OpenOption v. FileAttribute

Salter, Thomas A Thomas.Salter at unisys.com
Fri Jan 22 10:05:14 PST 2010


I think you've answered my questions.  Thanks.

My reference to character encoding was supposed to be easy-to-understand example, but turns out to be bad example since the information is already conveyed by the Charset.

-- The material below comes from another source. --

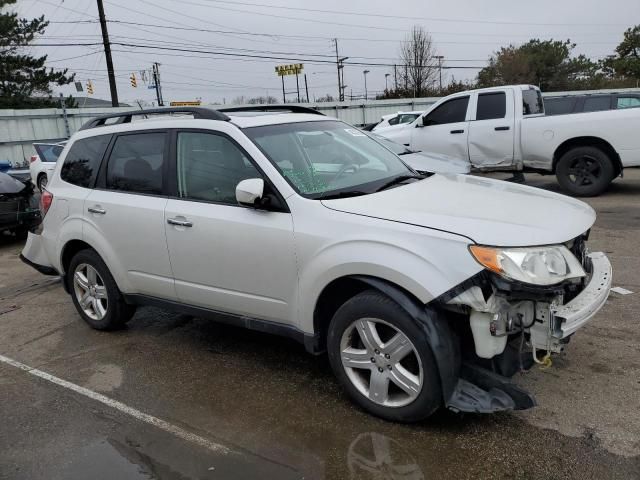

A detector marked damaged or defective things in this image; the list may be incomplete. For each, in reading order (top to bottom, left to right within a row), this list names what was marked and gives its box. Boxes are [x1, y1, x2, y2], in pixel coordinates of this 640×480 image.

broken headlight assembly [470, 244, 584, 284]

I didn't mention the file system since I didn't expect any one reading this to be familiar with the Unisys MCP operating system (also known as ClearPath, Libra and. Borroughs A-Series).  Anyway, the file system support tons of attributes, a few of which make sense in the Java environment.


From: Alan.Bateman at Sun.COM [mailto:Alan.Bateman at Sun.COM]
Sent: Friday, January 22, 2010 12:40 PM
To: Salter, Thomas A
Cc: nio-discuss at openjdk.java.net
Subject: Re: OpenOption v. FileAttribute


On 20 Jan 2010, at 23:55, Salter, Thomas A wrote:


What's the intended distinction between OpenOption and FileAttribute?  It seems like most functions that take OpenOption also support an overload with FileAttribute, except for Path.newOutputStream.

It almost looks like OpenOption was intended to be for features that only apply to the processing of the file and FileAttribute was to specify permanent characteristics of the file.  StandardOpenOption.sparse would seem to be an exception.

That's right - open options specify how is opened and/or created. The FileAttribute[] parameter is to specify initial attributes/meta data when creating a file. The primary use-case is security attributes (permissions or an ACL) to eliminate the attack window that would otherwise arise if the file creation and setting the security attributes were separate operations. It could be used for setting the initial value of other file attributes/meta data but it's usually not as interesting.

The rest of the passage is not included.